[RECORD EXTRACTS]
◆ ◆ ◆ ◆ ◆ ◆ ◆
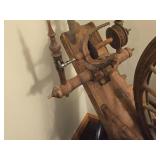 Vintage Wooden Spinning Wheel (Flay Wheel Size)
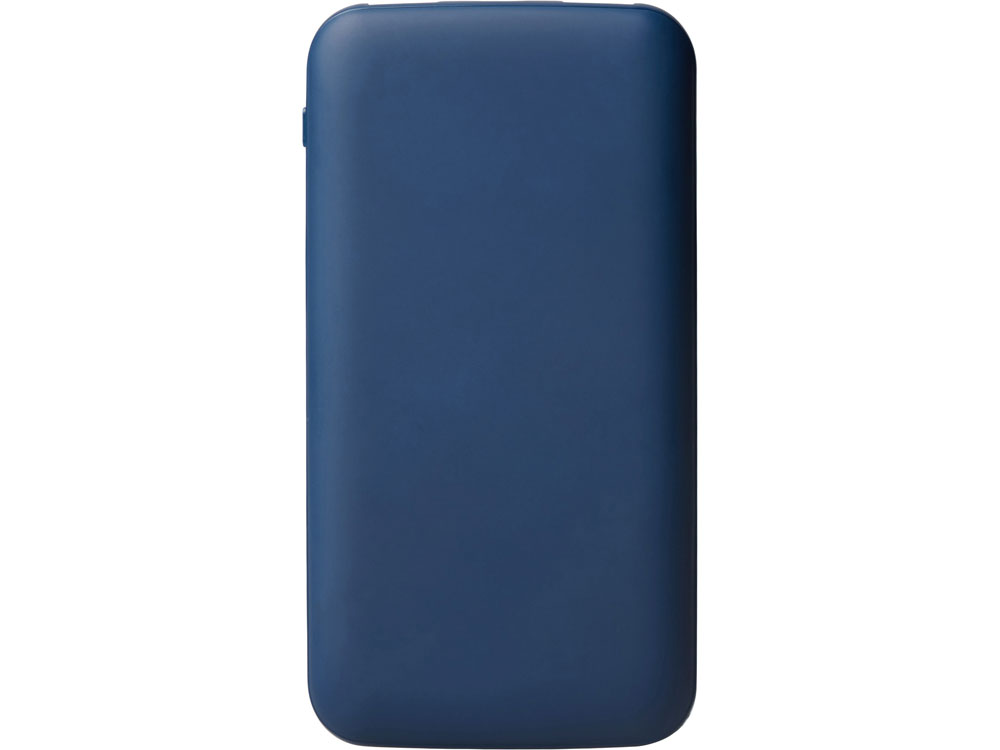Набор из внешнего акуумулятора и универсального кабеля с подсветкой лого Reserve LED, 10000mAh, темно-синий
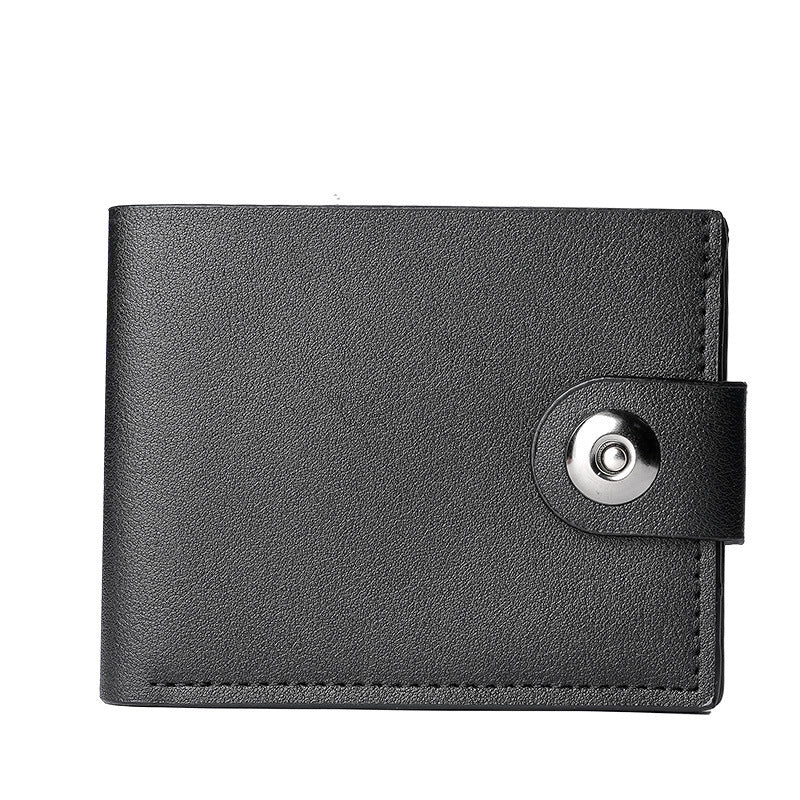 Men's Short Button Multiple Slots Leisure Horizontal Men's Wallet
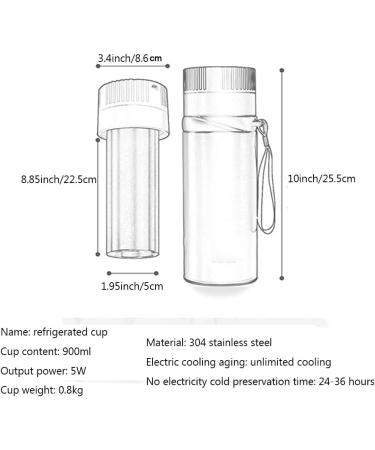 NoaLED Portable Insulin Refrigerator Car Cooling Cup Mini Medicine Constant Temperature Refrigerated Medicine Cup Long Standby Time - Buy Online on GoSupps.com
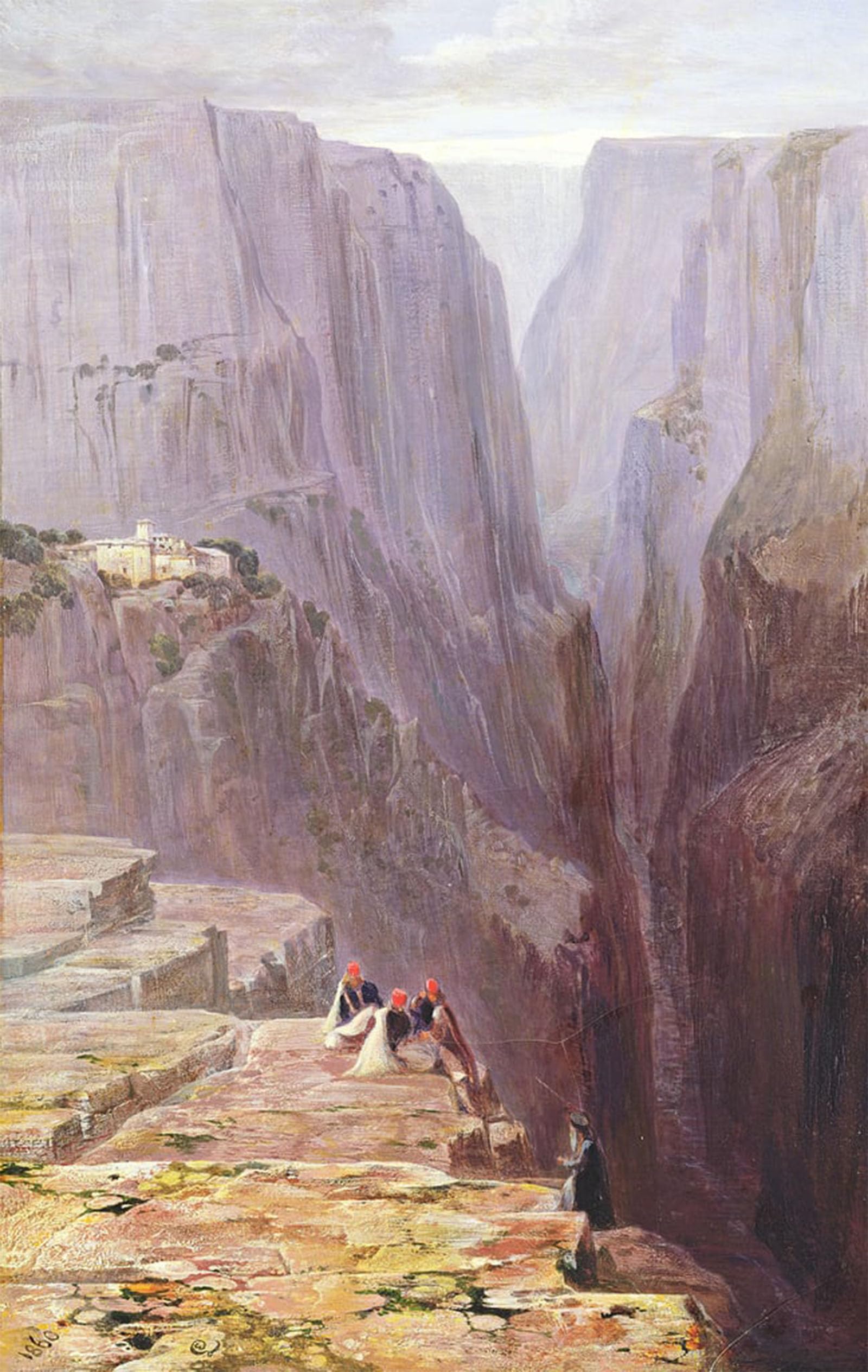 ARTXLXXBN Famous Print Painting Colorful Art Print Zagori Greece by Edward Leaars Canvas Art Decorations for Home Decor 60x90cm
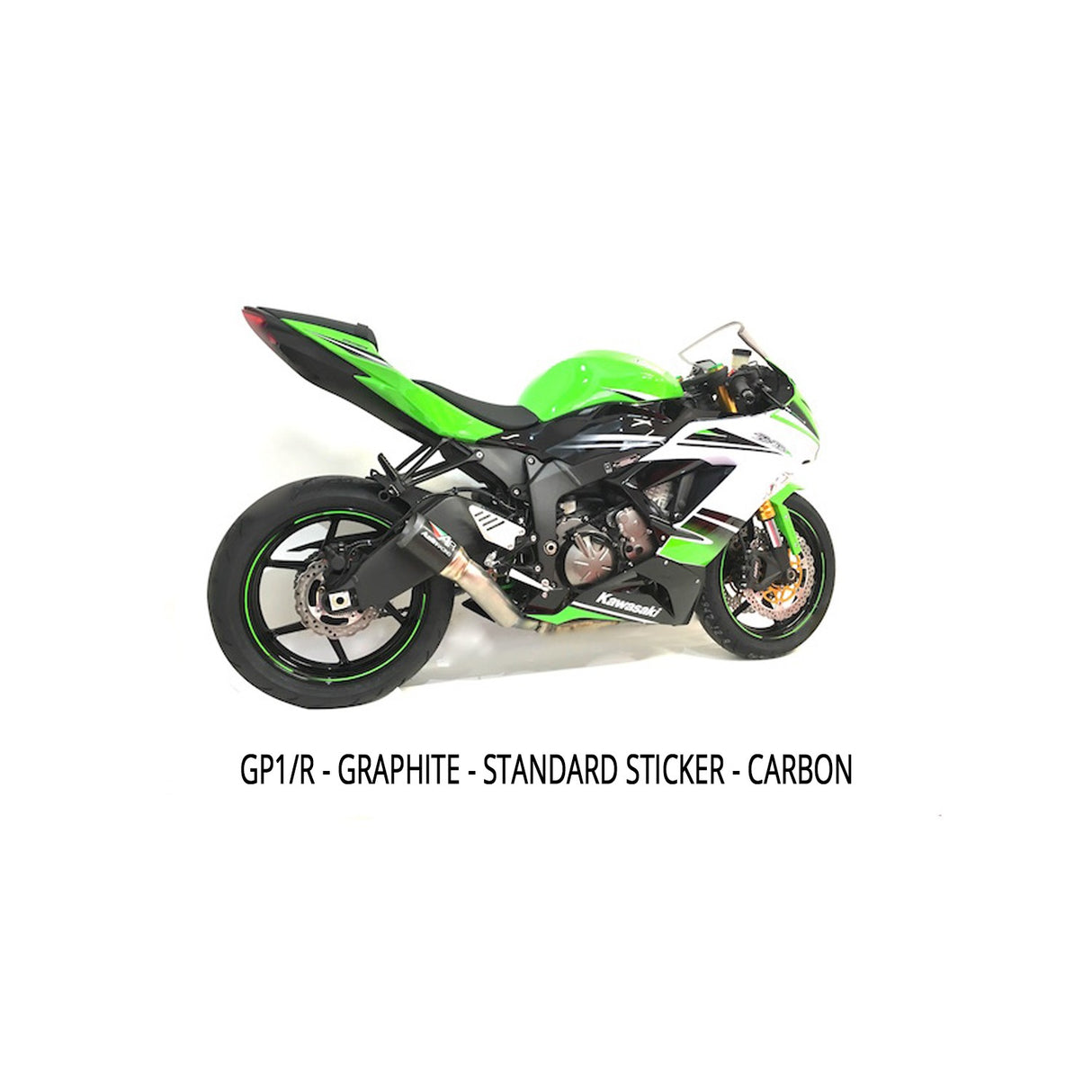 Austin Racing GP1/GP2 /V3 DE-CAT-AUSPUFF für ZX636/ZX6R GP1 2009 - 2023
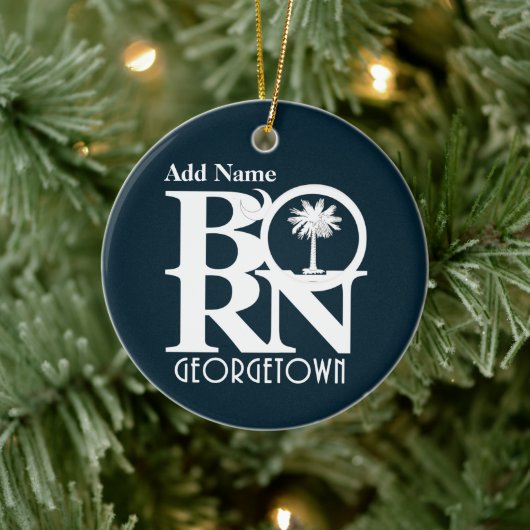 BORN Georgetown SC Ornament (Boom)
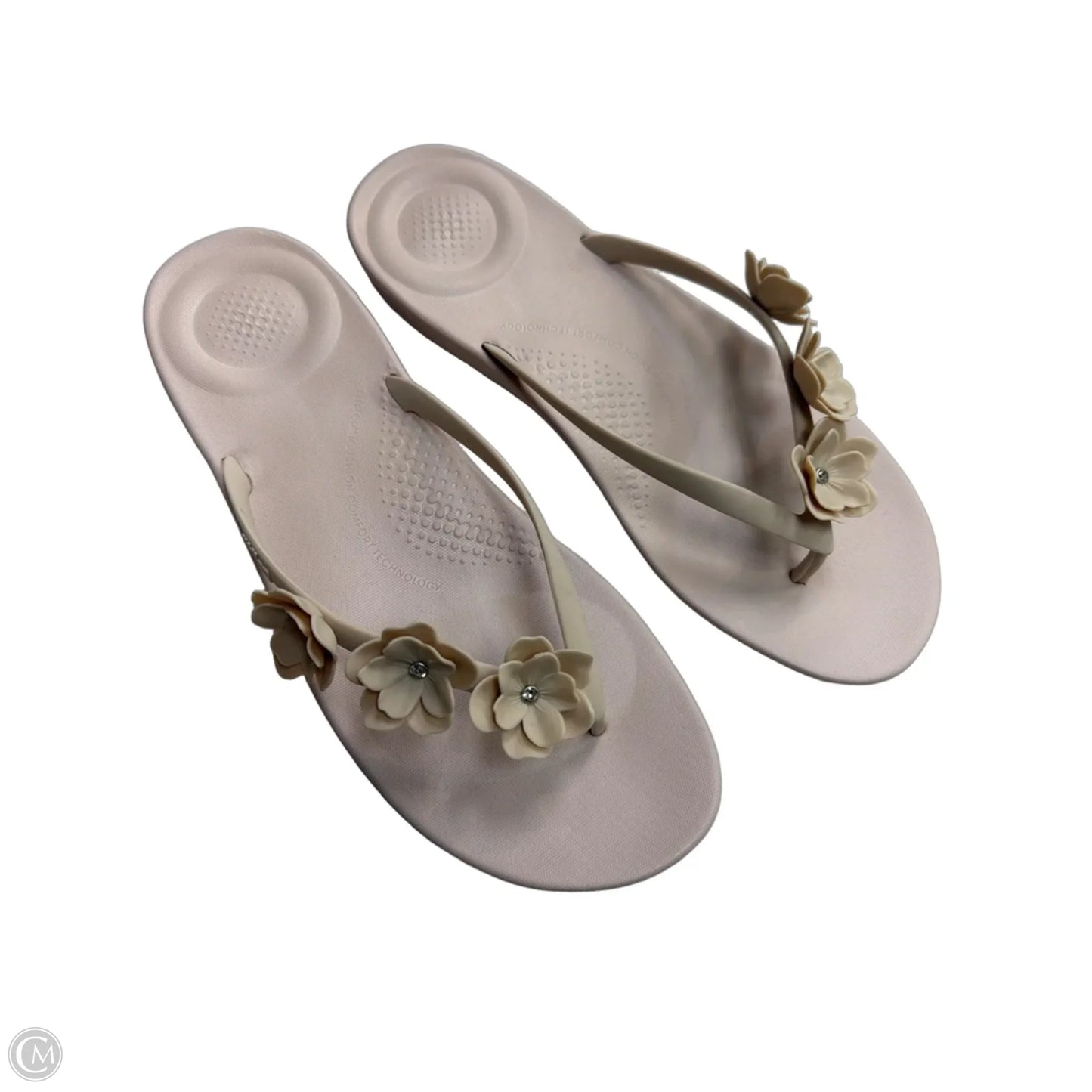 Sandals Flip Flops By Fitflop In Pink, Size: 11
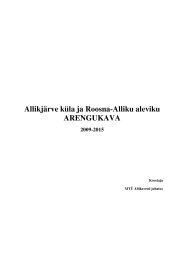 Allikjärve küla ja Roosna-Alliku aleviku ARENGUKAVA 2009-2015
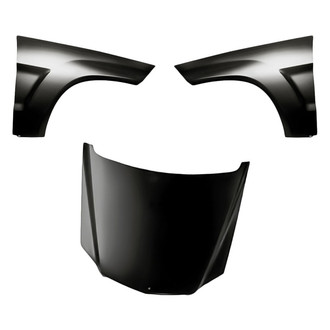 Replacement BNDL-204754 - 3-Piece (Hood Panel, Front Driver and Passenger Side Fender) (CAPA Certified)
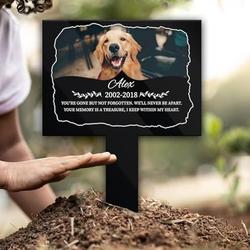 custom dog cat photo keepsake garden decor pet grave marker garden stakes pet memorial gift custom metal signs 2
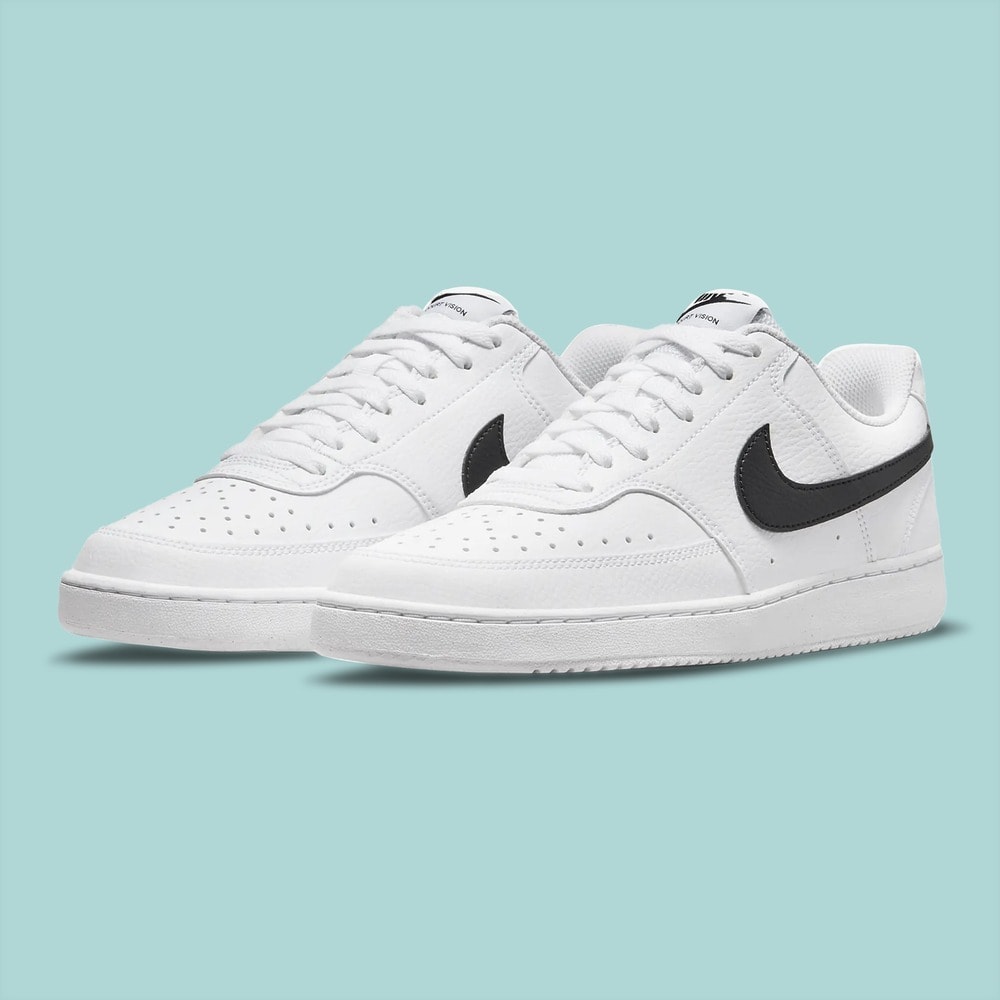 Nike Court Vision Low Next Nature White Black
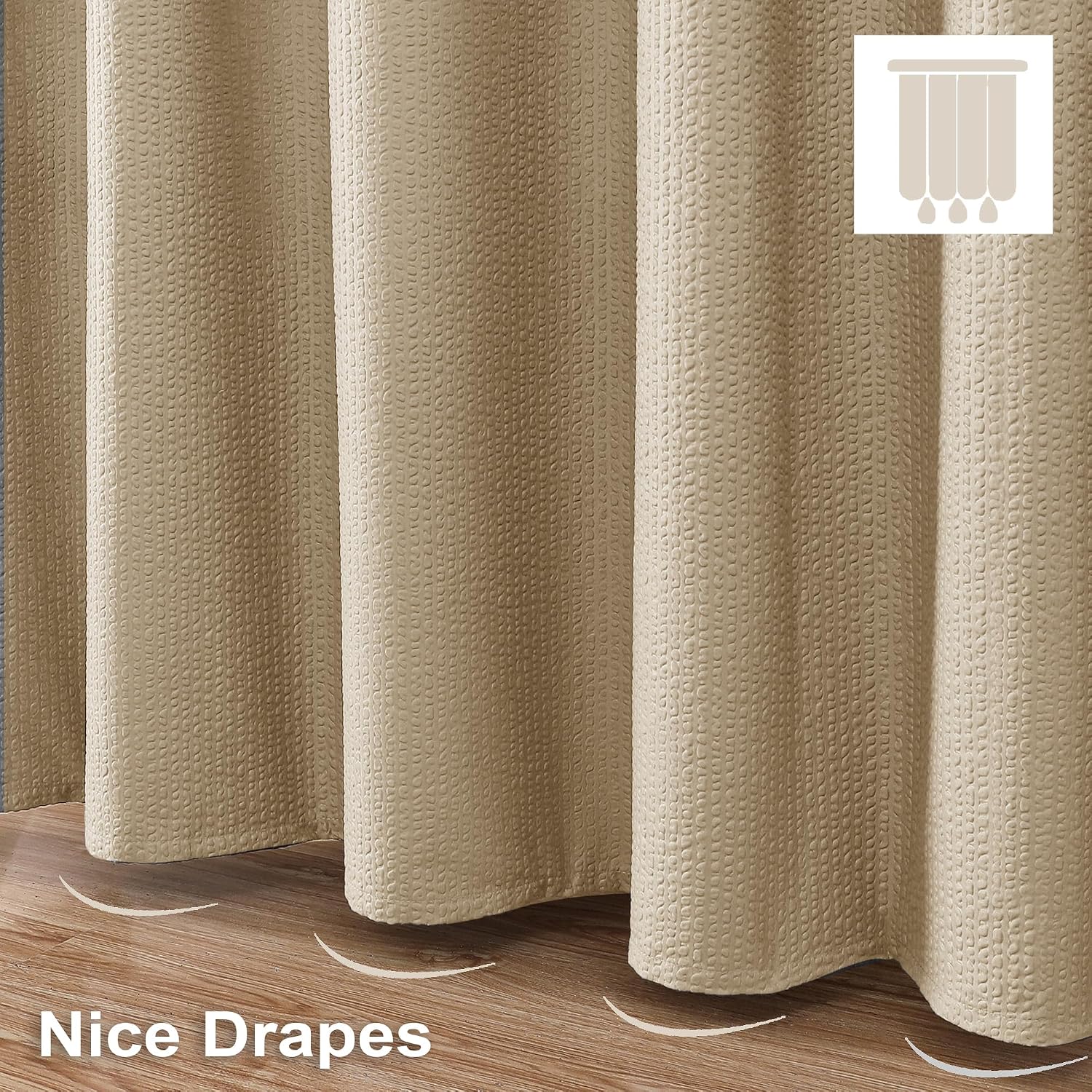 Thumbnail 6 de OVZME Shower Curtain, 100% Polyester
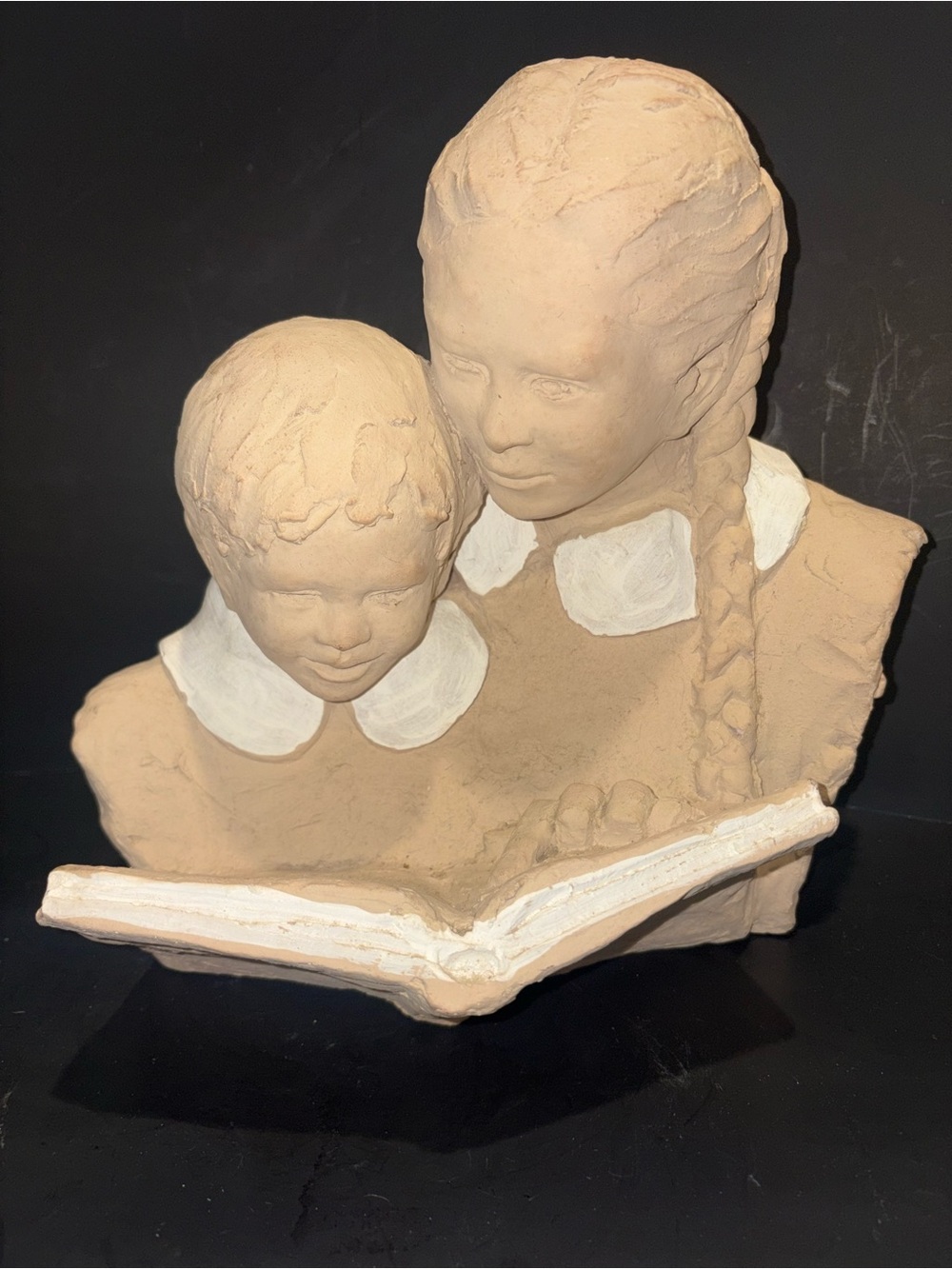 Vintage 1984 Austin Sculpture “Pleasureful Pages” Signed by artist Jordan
◆ ◆ ◆ ◆ ◆ ◆ ◆
[EXERCISE INSTRUCTIONS] Output each line exactly as shown above; no pictures go in the copy.

[RESPONSE BOX]
 Vintage Wooden Spinning Wheel (Flay Wheel Size)
Набор из внешнего акуумулятора и универсального кабеля с подсветкой лого Reserve LED, 10000mAh, темно-синий
 Men's Short Button Multiple Slots Leisure Horizontal Men's Wallet
 NoaLED Portable Insulin Refrigerator Car Cooling Cup Mini Medicine Constant Temperature Refrigerated Medicine Cup Long Standby Time - Buy Online on GoSupps.com
 ARTXLXXBN Famous Print Painting Colorful Art Print Zagori Greece by Edward Leaars Canvas Art Decorations for Home Decor 60x90cm
 Austin Racing GP1/GP2 /V3 DE-CAT-AUSPUFF für ZX636/ZX6R GP1 2009 - 2023
 BORN Georgetown SC Ornament (Boom)
 Sandals Flip Flops By Fitflop In Pink, Size: 11
 Allikjärve küla ja Roosna-Alliku aleviku ARENGUKAVA 2009-2015
 Replacement BNDL-204754 - 3-Piece (Hood Panel, Front Driver and Passenger Side Fender) (CAPA Certified)
 custom dog cat photo keepsake garden decor pet grave marker garden stakes pet memorial gift custom metal signs 2
 Nike Court Vision Low Next Nature White Black
 Thumbnail 6 de OVZME Shower Curtain, 100% Polyester
 Vintage 1984 Austin Sculpture “Pleasureful Pages” Signed by artist Jordan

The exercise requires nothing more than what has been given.